America is under racist assault. It has been this way for centuries—as though a cult of the undead, the empty dispossessed can only see the world in one way—Us vs Them. Purposeful demolition is the foremost objective of the undead—led by the First Family of Destruction. The zombie ideologues now get their news from the Family, its enablers, sycophants and its media amplifiers. There’s no more capacity for the undead to change than there is for a jellyfish to float against the currents. Yes, the undead are the jellyfish of the logo-sphere and they carrying a nasty sting. 
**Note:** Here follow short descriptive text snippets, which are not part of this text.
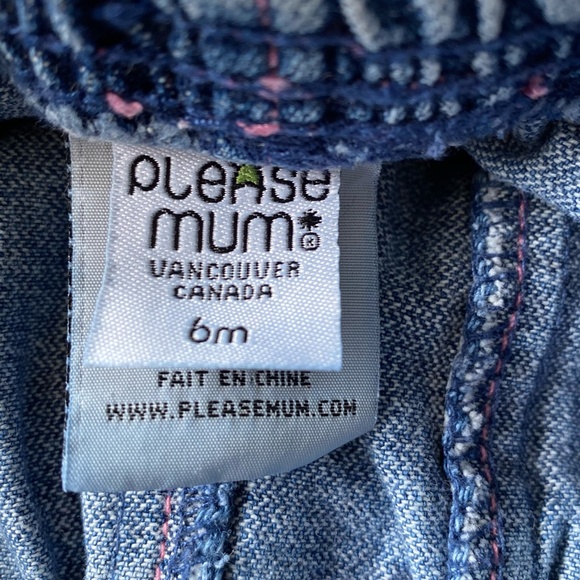 Girls Sz 6-12 months -6 piece Bundle- Gap,Please Mum,Joe, Carters,Yamp - Picture 6 of 16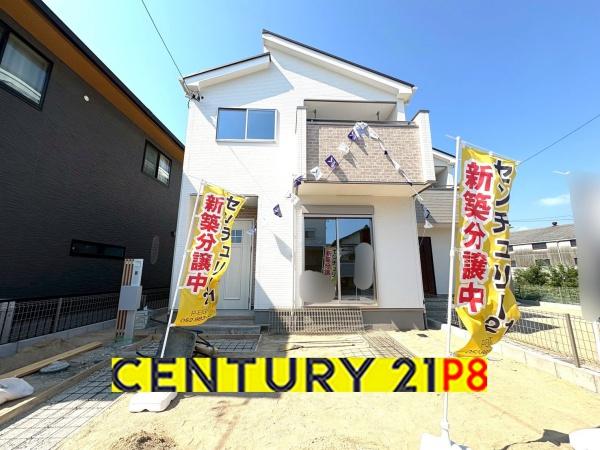 一宮市木曽川町外割田字城跡の新築一戸建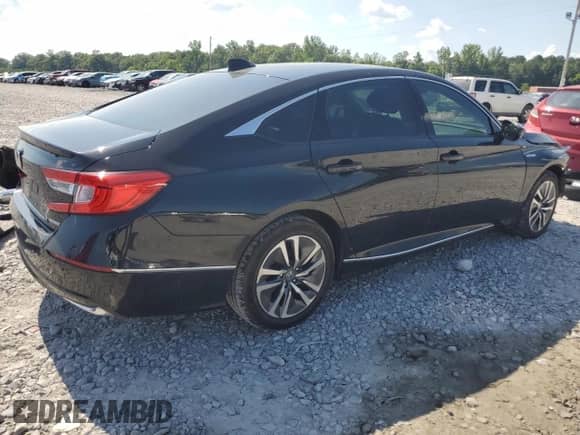 2020 Honda Accord EX-L with VIN 1HGCV3F50LA015780, listed as a Copart auction lot 62275405 with 121,950 mi miles and Salvage title. Bid and sale history available at DreamBid. Image 3.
There’s no aspiration, no value, no commitment or connection to the collective, only to a their narrow view of entitlement.  There’s been no event, no sacred passage, no period of trial or transition, no foundation for their actions other than domination, jealousy, greed, anger and vengeance. There’s been no transition, no developmental progress, no entrée into a wiser way of seeing based in reality instead of wish-fulfillment.

Traditional initiation crosses a threshold to join the continuous stream of birthing and dying, with all the triumph and adversity, love and suffering in between. Emerging successfully from an initiation would mean walking with our feet on the ground and our heads in the clouds (not the reverse), holding a natural connection with our selves, others and with the land. 

Traditional cultures whose initiations were integral to the continuity of their communities prescribed these rites on the cusp of adulthood. They require a separation, a death, an awakening to essence (or soul), a time of rebirth and a return. An initiation is a second birth, having grown up dependent on family and community, the initiate is prepared to establish a separate life, to be guided by a core vision and to live out a full investment in the community according to that vision. 

Initiation is also a rooting experience, a gesture of coming home in the body-mind of the initiate. The body of the initiate is infused with the land and the spirits of the land. They become One.  This is the indigenous experience of initiation. Imagining a shred of anything similar in the American racist zombie cult is a laughable fantasy. We are diminished by all of it—for 400 years. We, as a nation, have been the undead, lost. Sadly, on the issue of race, we are as homeless as the ones sleeping in doorways.

I am of a people who, historically, had no land. The cultural lore is of temporary residence and history has tragically proven the validity of that outlook. We were not nomads, unless you count wandering in the desert for 40 years after escaping slavery in Egypt. That was the original initiation of the Jewish people. As the story goes, we received not only land after the struggle, but a rebirth in that land blessed by the God of that land. True or not, the history of the Jewish people has been one of being landless—until the establishment of the State of Israel. Overlooking the injustice of that creation for the moment (and all the suffering it has unleashed), that land remains the State of Israel in the hearts of many Jews whether they live there or not. 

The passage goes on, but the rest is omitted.